***I DON’T HAVE FIFA’S PRIOR WRITTEN CONSENT TO USE, TALK, THINK OR EVEN YELL AT RANDOS FROM MY BALCONY ABOUT ANY NAMES, COUNTRIES OR EVENTS MENTIONED IN MY FIFA WORLD CUP QATAR 2022 COVERAGE, SO FOR COPYRIGHT REASONS FROM HERE ON IN, THE EVENT WILL BE REFERRED TO AS QLAMQTAR 2022.***
The Qlamqtar 2022 World Cup is only about 4 moons away (depending on your own set of lunar circumstances) and the first ever World Cup held in the Arab world promises to be a real doozy. World Cup history is a tale resplendent with stories of triumph against the odds, childhood dreams coming true and unsung heroes becoming legends. As well as dumb idiot losers, wanker fuck ups and teams that are just total bullshit.
But how shall ye learn about these legends, losers and teams that are just total bullshit? Well look no further my wayward friend as I profile all 211 FIFA nations eligible for World Cup qualification. Today, I take a look at Samoa, which is yet to qualify for a World Cup.
“There’s only room for one Samoa in the Samoan archipelago (talkin’ to you, American Samoa)”
FIFA Ranking: 191 (June 2022)
FIFA World Cup 2022 Qualification result: Withdrew from Oceania World Cup qualification tournament
“American Samoa thinks it so hot, doesn’t it? With its US license plates, American dollars and driving on the right side of the road, it struts around the Samoan archipelago like its king dick. But you know what, American Samoa, if you’re so lit or fire or ‘don’t go there’ or ‘talk to the hand’ or any other expressions Americans like to use, then why have you never beaten us once in the ten times you’ve played us, huh? Sure you might dominate us in American football, but you ain’t so tough when you’re wearing shinpads and running around a grass field not touching a ball with your hands are ya?

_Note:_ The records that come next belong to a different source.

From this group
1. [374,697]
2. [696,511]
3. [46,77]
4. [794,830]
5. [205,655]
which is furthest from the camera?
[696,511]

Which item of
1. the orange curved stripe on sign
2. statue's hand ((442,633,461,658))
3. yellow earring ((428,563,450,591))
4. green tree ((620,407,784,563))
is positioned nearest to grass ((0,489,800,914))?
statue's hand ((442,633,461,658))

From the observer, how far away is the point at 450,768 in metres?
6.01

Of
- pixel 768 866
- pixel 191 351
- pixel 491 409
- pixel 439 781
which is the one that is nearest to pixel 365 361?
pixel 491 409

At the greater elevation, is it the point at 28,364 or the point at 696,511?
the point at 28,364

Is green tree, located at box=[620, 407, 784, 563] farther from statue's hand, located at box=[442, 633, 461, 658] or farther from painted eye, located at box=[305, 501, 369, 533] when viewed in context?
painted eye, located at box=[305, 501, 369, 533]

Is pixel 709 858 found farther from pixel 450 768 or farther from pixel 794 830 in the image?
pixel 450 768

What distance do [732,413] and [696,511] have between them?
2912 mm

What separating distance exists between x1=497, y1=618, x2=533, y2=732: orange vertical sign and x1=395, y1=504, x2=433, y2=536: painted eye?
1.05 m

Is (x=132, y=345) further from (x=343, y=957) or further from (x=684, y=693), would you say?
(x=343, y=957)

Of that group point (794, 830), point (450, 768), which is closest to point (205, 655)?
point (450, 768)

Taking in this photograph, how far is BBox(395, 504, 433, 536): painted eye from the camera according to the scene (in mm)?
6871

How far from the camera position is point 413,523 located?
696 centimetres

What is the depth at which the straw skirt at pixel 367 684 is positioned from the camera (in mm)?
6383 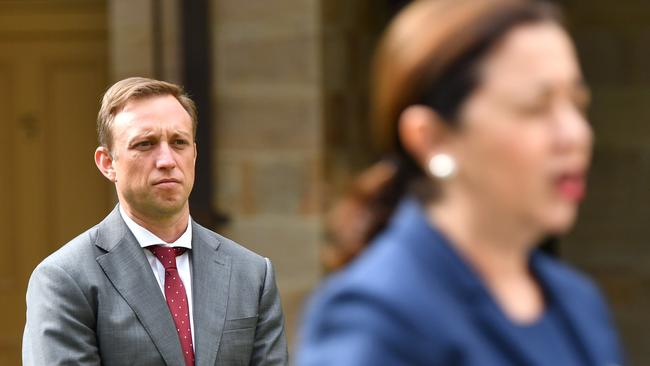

“Yeah I thought so. And sure, you can stop a 3rd and inches attempt in the red zone or bat down a hail Mary attempt on a 4th and a mile on the last play of the fourth quarter, but when it comes to soccer, you don’t know your ass from your headers. But there’s a reason there’s officially only one ‘Samoa’ now (And don’t talk to us about something called ‘Western Samoa’. What is that anyway? You’re probably remembering history wrong.) So we’d like to thank you for all ten wins you’ve gifted us, the 44 goals you’ve let us have, and may the tides of the Pacific Ocean have mercy on you and wash your souls clean for the 5 cursed goals you’ve put past us throughout our 10 match “rivalry”. #Neverforget
One to watch: Kilikiti (Pacific Islands cricket)
If you think cricket is boring as shit and the sport just does your head in, you might want to give Kilikiti (aka kirikiki or kirikiti) a crack. One of Samoa’s national sports, it involves brighter colours, bigger wickets, more people can take part at the same time (anyone who rocks up, regardless of age or gender is in), each team has a dedicated Faia’oga or ‘jester’ whose job is to heckle the opposition and rouse their own, and the whole game can be over in as little as an hour. Gone are the days of playing for five days and the bullshit match still ending in a draw, standing around in the field all day not having anything to do except scratch your nuts or pick your nose, or the old highlights the TV broadcaster puts on during rain delays being the most interesting part of a test match, because here comes Kilikiti to smash cricket for a ‘boundary 4’ or a ‘boundary 6’ with the lapalapa (bat). Just make sure that if you’re the home team, bring enough food for everyone, because if you don’t, you lose by forfeit.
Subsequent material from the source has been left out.